2 Album Jam Science (Arista version) LP 206416 1984-??-??
3 Album Hand on My Heart 7" SHRK 1 1984-??-??
4 Single Hand on My Heart (square picture disk) 9" SHRSD 1 1984-??-??
5 Single Hand on My Heart (test pressing) 12" SHRK 221 1984-??-??
6 Single Hand on My Heart 12" SHRK 121 1984-??-??
7 Single Hand on My Heart Remixes 12" SHRK 221 1984-??-??
8 Single Hand on My Heart Remixes (picture disk) 12" SHR PD 121 1984-??-??
9 Single Mercy Dash 7" SHRK 2 1984-??-??
10 Single Mercy Dash 12" SHRK 122 1984-??-??
11 Single Mercy Dash (picture disk) 12" SHR PD 122 1984-??-??
12 EP Knowledge, Power, Truth & Sex 12" 206 608 1984-??-??

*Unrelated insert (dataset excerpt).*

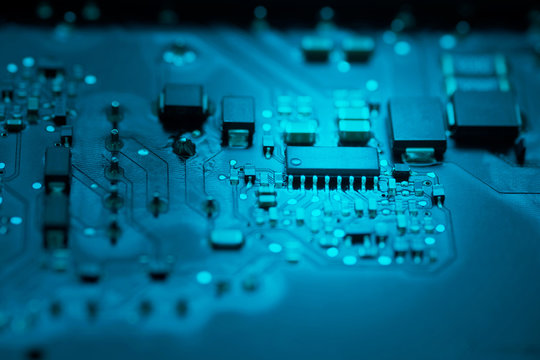 CLOSE UP COMPUTER CIRCUIT BOARD IN BLUE TONE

1984 was creatively an amazing year for Shriekback. This was the year when the band truly began to develop a feel for use of the burgeoning music technology that was becoming available. They had quickly 'outgrown' Y Records and opted to jump ship to Arista records. The result was the tour de force that is Jam Science. Jam Science is the most 'Marshy' of Shriekback's albums. Carl Marsh wrote the lyrics for nine of its ten songs, the only holdout being 'Hubris' which was written by Barry Andrews. For those Shriekback fans who are under the impression that Shriekback is basically Barry's band need to take a close listen to Jam Science.

In the move from Y Records to Arista, there was some trouble with Y Records. The Shrieks' tapes were seized, and Y Records scrambled to release the unfinished album some months prior to Arista's release of the finished product. The Y Records version boasts eight tracks, including 'Putting on the Pressure' which did not make it onto CD until Aberrations was released in 2001 and 'International' which has only ever been released on the Y Records version of Jam Science. The Y Records version lacks the overall quality of the finished product. Most of the cuts are inferior, and the album is really only interesting for the cuts which are otherwise unavailable.

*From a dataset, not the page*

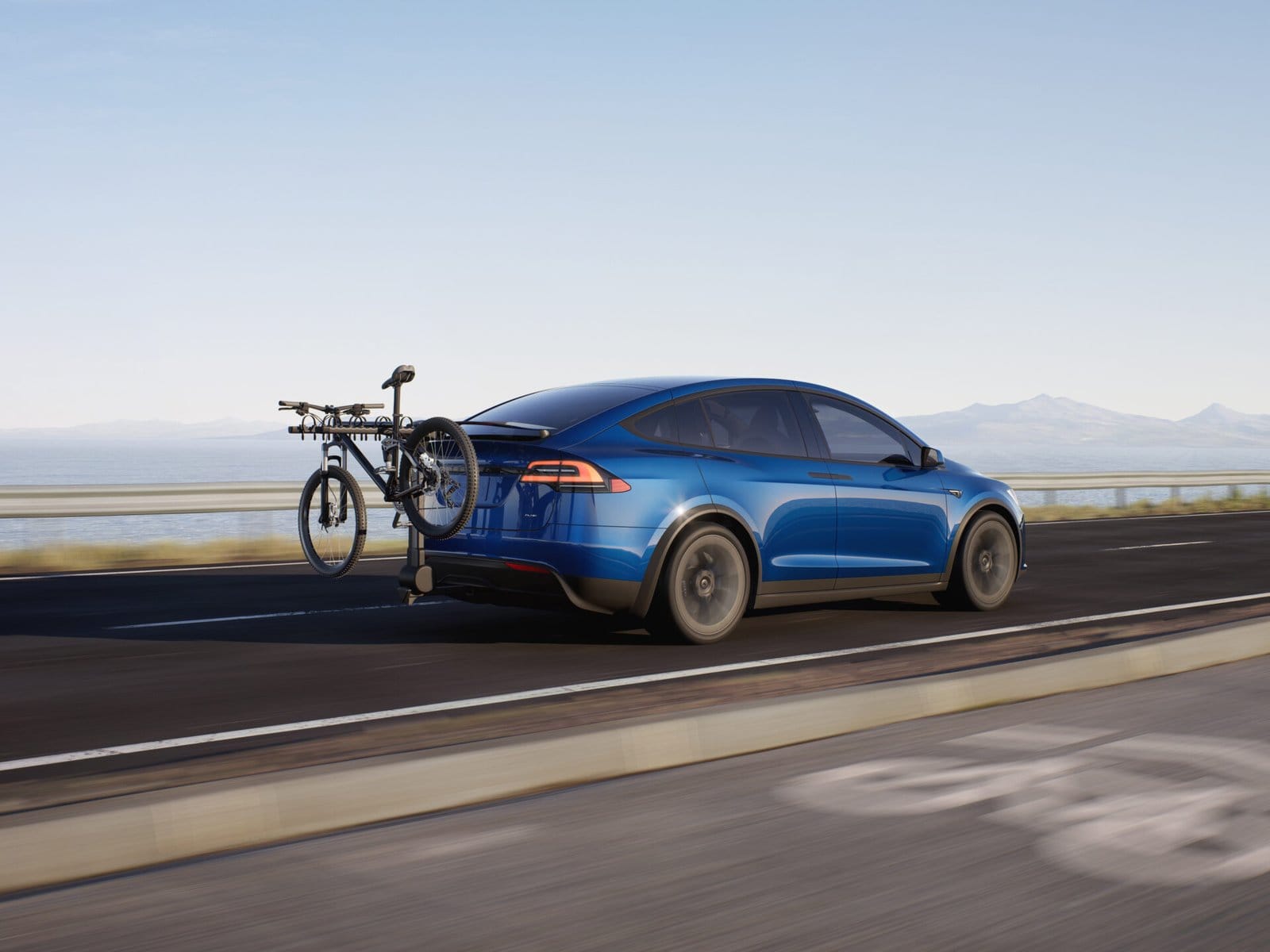 tesla model x electric vehicle with bike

Two singles were released by Arista from Jam Science, 'Hand on My Heart' and 'Mercy Dash.' 'Hand on My Heart' was their third single to hit the charts, going to #52 on the U.K. charts and #22 on the US dance/club charts.

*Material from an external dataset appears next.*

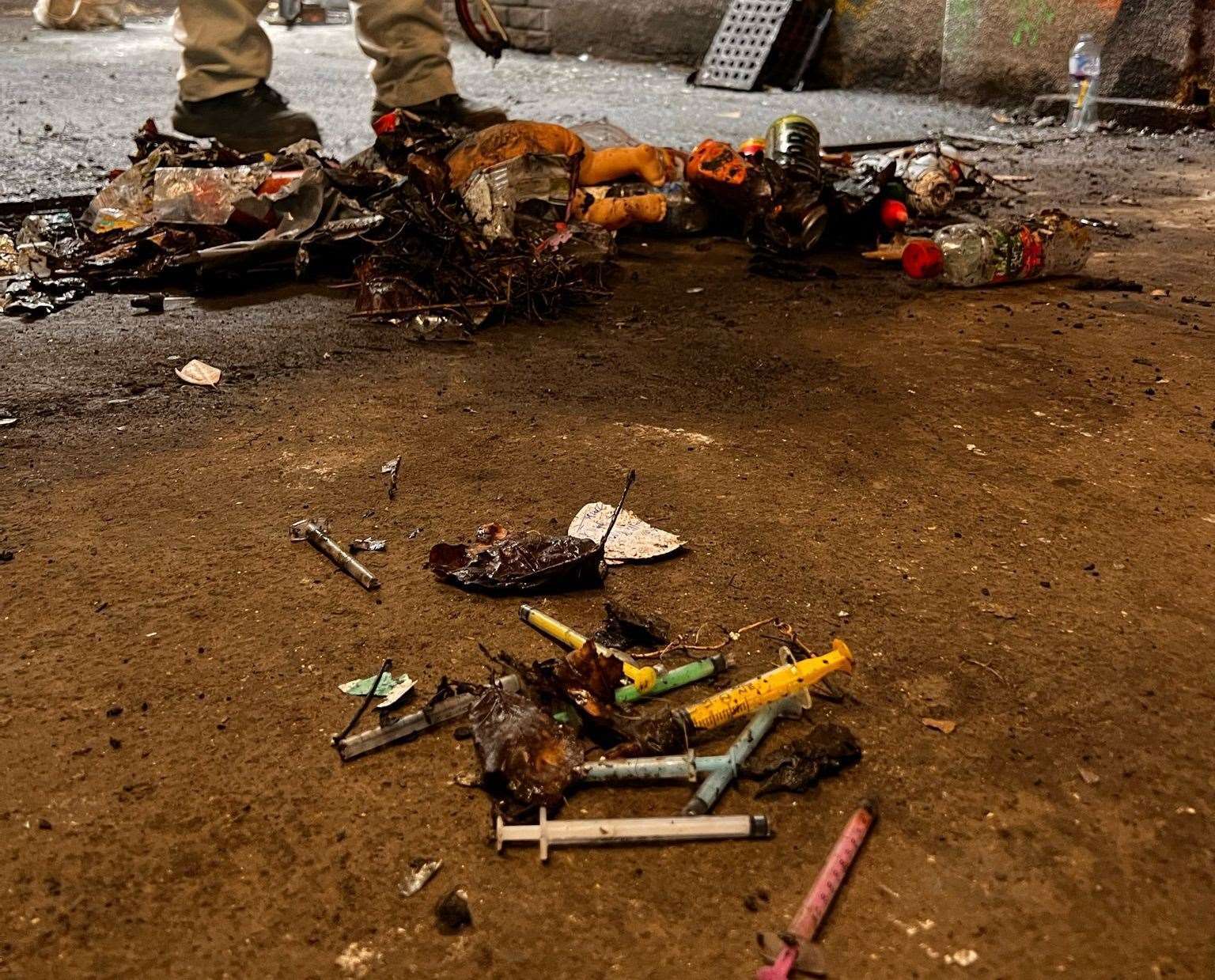 A children’s doll is seen in piles of rubbish. Picture: Peter Phillips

The Shrieks perpetuated the madness that had started with their singles between 1982-1983 by releasing no less than six different versions of the 'Hand on My Heart' single. The actual song exists in at least eight different versions. There is an album cut from both editions of Jam Science. Next comes the 7" mix released in standard format as well as a 9" square picture disk. There are slight differences in the packaging for some copies of the 7" which bear a sticker for the 'Shriekback Blueprint,' a foldout insert containing pictures and a statement from the band and lyrics for 'Hand on My Heart.' There was a 12" single as well. Additionally, a remix 12" was issued containing three instrumental remixes variously named 'Jumping on the Ribcage (with the Digital Rasta),' 'Cloud of Nails (Pump Up a Storm),' and 'Mistah Linn He Dead.' To further complicate matters, a picture disk emerged that was similar to the remixes 12", but 'Jumping on the Ribcage' was replaced with the 12" mix of 'Hand on My Heart.' Since that was not enough, further remixes were released by Rhythm Stick Remix Service. As a final violation of collectabilty, a test pressing of the 12" mix made its way out as well. This record contains only one song and is pressed only on a single side with a sticker in leiu of artwork, but it is an interesting curiosity for the completist.

There are three different version of the 'Mercy Dash' single. There is a 7", a 12", and a 12" picture disk. Thankfully, there is no difference between the music included on the 12" and the picture disk.

The singles were not the end of the madness, however. Not content with this plethora of remixes, repackaging was tried in the form of an EP named Knowledge, Power, Truth & Sex released only in Germany. While this EP contains nothing that is not available on other records, it is a superb brief introduction to what was happening with Shriekback musically in 1984.

One beautiful feature of the Arista releases for 1984 is that a consistent look was adopted across the records which included great attention to detail. Even the labels glued to the vinyl were included in the aesthetic considerations. The result was a beautiful set of records decorated in a way that has not since been matched save perhaps by the careful attention to packaging and detail that have been given to more recent releases form Malicious Damage.